In The Heights (Jon M. Chu, 2021)

As befits a Broadway property, the film adaptation of In The Heights has some second-act problems; namely, your ass starts to itch. But I loved this corn's-a-poppin' musical for the simple fact that it feels firmly in the classic age of the Hollywood musical even though we're supposed to be (forever stuck?) in  the baroque age according to Henri Focillon's model for the life cycle [editor, please retain the singular] of cultural forms. Sure, In The Heights refines the genre by featuring a mostly Latino cast led by future ex-husband Anthony Ramos with excellent turns by Daphne Rubin-Vega and, in one disquieting scene, an unrecognizable Marc Anthony. Of course, there are some mannerist moments referencing Busby Berkeley and Royal Wedding.

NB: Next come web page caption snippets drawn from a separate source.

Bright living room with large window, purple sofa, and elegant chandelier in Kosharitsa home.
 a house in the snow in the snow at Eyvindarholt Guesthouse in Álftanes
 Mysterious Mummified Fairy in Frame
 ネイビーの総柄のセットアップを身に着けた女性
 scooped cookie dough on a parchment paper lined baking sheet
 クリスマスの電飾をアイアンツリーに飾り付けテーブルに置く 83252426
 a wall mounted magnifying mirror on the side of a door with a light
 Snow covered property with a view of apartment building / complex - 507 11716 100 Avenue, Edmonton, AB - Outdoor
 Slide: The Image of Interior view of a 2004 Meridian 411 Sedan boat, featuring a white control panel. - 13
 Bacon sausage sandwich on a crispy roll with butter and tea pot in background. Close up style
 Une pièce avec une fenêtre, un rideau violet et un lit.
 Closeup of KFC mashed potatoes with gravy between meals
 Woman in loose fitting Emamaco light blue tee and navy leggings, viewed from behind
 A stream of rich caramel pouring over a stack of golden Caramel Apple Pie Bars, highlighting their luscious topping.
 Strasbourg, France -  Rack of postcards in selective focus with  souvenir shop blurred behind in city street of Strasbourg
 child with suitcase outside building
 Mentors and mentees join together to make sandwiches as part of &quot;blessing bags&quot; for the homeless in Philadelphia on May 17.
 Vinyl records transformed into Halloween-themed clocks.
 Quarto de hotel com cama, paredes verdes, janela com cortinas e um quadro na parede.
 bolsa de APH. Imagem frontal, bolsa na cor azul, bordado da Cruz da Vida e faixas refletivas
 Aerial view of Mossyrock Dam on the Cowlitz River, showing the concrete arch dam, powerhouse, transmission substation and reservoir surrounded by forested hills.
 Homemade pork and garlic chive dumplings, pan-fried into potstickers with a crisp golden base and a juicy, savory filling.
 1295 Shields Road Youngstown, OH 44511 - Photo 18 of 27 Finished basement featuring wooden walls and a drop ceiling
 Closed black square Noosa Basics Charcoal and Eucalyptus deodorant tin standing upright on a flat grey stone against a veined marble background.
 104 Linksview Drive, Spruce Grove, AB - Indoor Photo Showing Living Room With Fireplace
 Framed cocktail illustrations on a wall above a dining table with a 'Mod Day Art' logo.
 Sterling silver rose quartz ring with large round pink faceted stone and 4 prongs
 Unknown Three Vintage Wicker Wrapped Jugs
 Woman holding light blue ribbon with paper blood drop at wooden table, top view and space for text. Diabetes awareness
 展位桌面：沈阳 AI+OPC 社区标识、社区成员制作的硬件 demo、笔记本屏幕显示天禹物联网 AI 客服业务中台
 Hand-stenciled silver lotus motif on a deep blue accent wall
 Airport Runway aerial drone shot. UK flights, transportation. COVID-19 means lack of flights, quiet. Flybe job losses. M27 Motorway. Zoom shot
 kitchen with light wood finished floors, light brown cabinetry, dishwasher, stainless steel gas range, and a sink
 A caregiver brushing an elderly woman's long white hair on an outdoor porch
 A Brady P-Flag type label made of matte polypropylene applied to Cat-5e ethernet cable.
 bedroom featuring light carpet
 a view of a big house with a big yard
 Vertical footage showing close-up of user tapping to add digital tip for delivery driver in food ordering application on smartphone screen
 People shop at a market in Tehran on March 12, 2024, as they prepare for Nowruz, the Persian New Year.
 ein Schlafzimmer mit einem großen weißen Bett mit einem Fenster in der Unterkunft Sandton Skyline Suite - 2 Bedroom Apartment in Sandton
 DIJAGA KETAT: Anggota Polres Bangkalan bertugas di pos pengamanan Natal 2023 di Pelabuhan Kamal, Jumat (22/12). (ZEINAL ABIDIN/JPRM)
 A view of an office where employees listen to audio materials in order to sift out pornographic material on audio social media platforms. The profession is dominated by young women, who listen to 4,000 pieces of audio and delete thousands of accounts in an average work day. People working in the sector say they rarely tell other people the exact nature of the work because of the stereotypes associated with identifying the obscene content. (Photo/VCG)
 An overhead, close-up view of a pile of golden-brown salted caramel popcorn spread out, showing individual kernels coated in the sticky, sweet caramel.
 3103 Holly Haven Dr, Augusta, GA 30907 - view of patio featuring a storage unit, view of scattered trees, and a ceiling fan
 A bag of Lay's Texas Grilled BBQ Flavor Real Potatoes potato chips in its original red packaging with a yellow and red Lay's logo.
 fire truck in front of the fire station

But overall, its simple-as-muck story and shameless outbursts of song display the formal transparency, to use Thomas Schatz's words, characteristic of the classic age. 

So I could praise the refreshingly haphazard choreography or the warm evocation of the sounds and atmosphere of my beloved city or my favorite number, the lottery fantasy "96,000," which may be the first ever to explicitly outline both parts of Richard Dyer's dictum that musicals tell us what utopia feels like but not how to organize it. But the genre dork in me loves In The Heights most for making hay of the notion that genres develop in an easy, linear fashion.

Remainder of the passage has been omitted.